Founding Treaties and Early European Communities (1951-1970)

  1. Schuman Declaration proposes pooling coal and steel

    Labels: Robert Schuman, Franco-German Cooperation, High Authority

    French foreign minister Robert Schuman proposes placing Franco-German coal and steel production under a shared “High Authority,” open to other European countries. The goal is to make another major war in Western Europe less likely by linking key war-related industries through joint rules. This proposal becomes the political starting point for the first European Community.

  2. Treaty of Paris creates the ECSC

    Labels: Treaty of, ECSC, Founding Six

    Six countries (Belgium, France, West Germany, Italy, Luxembourg, and the Netherlands) sign the Treaty of Paris, establishing the European Coal and Steel Community (ECSC). The treaty sets up shared institutions, including a supranational executive (the “High Authority”) and a common assembly. It turns the Schuman idea into a binding legal framework.

  3. ECSC treaty enters into force

    Labels: ECSC, Treaty of, High Authority

    The Treaty of Paris takes effect, formally bringing the ECSC into operation for a 50-year period. This is an early step in building a shared European market under common rules, starting with coal and steel. It also creates a model of institutions that later European projects will adapt.

  4. Court of Justice holds its first sitting

    Labels: Court of, Luxembourg Court, ECSC Judiciary

    The Court of Justice, created under the ECSC framework, holds its first formal sitting in Luxembourg. A common court matters because it helps ensure that Community rules are applied consistently across member states. This strengthens the idea that shared economic rules need shared legal enforcement.
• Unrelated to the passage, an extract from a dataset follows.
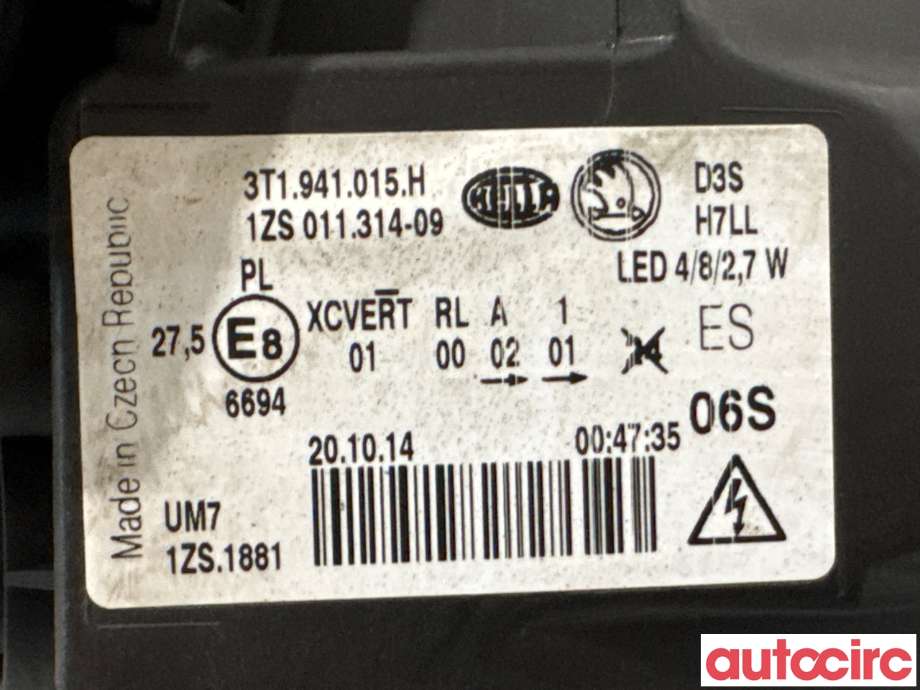 Frontlykt venstre xenon til Škoda Superb 2008-2015 (Type II)  (SKODA|3T1941017H|1ZS011314-09|3T1941015H)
  5. Treaties of Rome establish EEC and Euratom

    Labels: Treaties of, EEC, Euratom

    The same six states sign the Treaties of Rome, creating the European Economic Community (EEC) and the European Atomic Energy Community (Euratom). The EEC aims to build a common market (including a customs union), expanding integration beyond coal and steel. This broadens European cooperation from one sector to a much wider economic project.
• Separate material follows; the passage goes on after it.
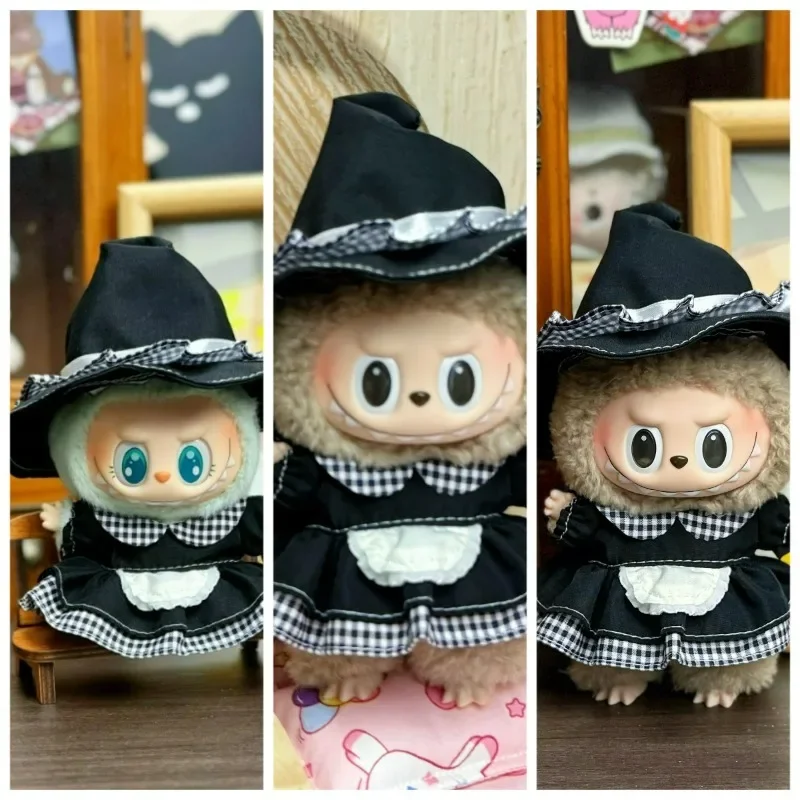 

Only Clothing Doll Pendant Clothing Black Checkered Lace Girl Dress Rabbit Hot Selling Doll Set Clothes for Labubu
  6. EEC and Euratom come into being

    Labels: EEC, Euratom, Institutions

    The EEC and Euratom begin operating, turning the 1957 treaties into working institutions. With the EEC, member states commit to reducing barriers to trade and coordinating key policies to support a common market. This marks a shift from a limited sector community (ECSC) to a broader economic integration plan.

  7. First Parliamentary Assembly meeting in Strasbourg

    Labels: Parliamentary Assembly, Strasbourg, Robert Schuman

    The European Parliamentary Assembly (a forerunner of today’s European Parliament) holds its first meeting in Strasbourg, with Robert Schuman elected President. While its powers are limited at this stage, a shared assembly supports public oversight and debate across borders. Over time, this institution will become a key part of how European integration is governed.
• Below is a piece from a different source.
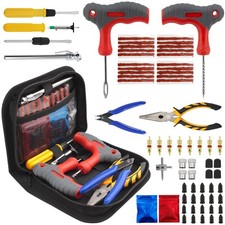 AUTO REIFENREPARATUR SET PKW PANNENSET 64 TEILE VULKANISIER FLICKZEUG + ZANGE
  8. Fouchet Plan negotiations begin, then stall

    Labels: Fouchet Plan, Intergovernmentalism, France

    Member states debate the Fouchet Plan, an effort associated with France to create closer political cooperation mainly through intergovernmental methods (cooperation led by national governments). Disagreements—especially about the balance between national control and supranational institutions—prevent agreement. The failure shows that economic integration is moving faster than political union in the early 1960s.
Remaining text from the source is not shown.